§ Source data:

Segment Open

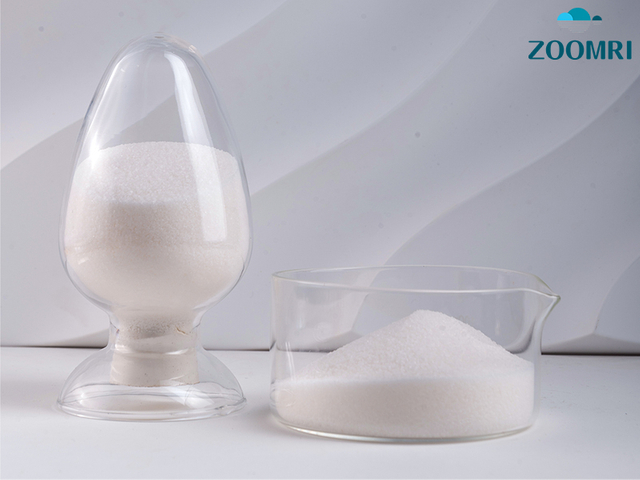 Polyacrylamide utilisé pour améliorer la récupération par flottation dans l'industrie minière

Segment Closed
Segment Open

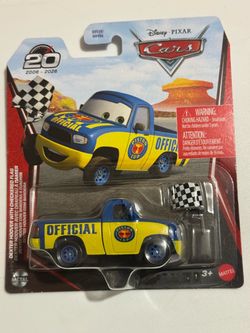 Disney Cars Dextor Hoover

Segment Closed
Segment Open

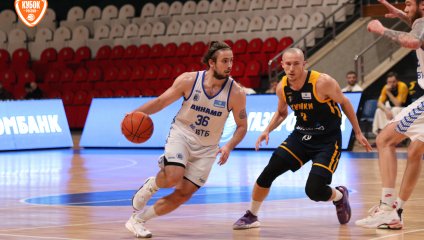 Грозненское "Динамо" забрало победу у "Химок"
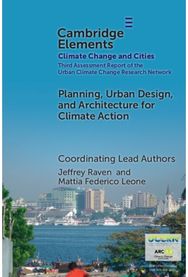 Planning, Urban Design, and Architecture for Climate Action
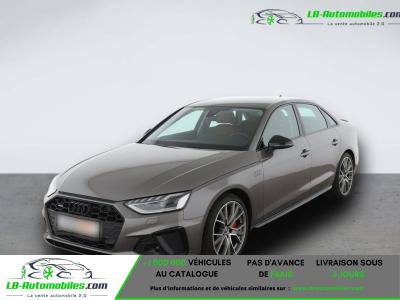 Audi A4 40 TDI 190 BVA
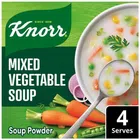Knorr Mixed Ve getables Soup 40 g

Segment Closed

§ What to do:
Line for line, output the entries above from the line with "Planning, Urban Design, and" to the line with "Knorr Mixed Ve getables Soup 40 g", both included, and nothing more. Skip pictures.

§ Answer box:
 Planning, Urban Design, and Architecture for Climate Action
 Audi A4 40 TDI 190 BVA
Knorr Mixed Ve getables Soup 40 g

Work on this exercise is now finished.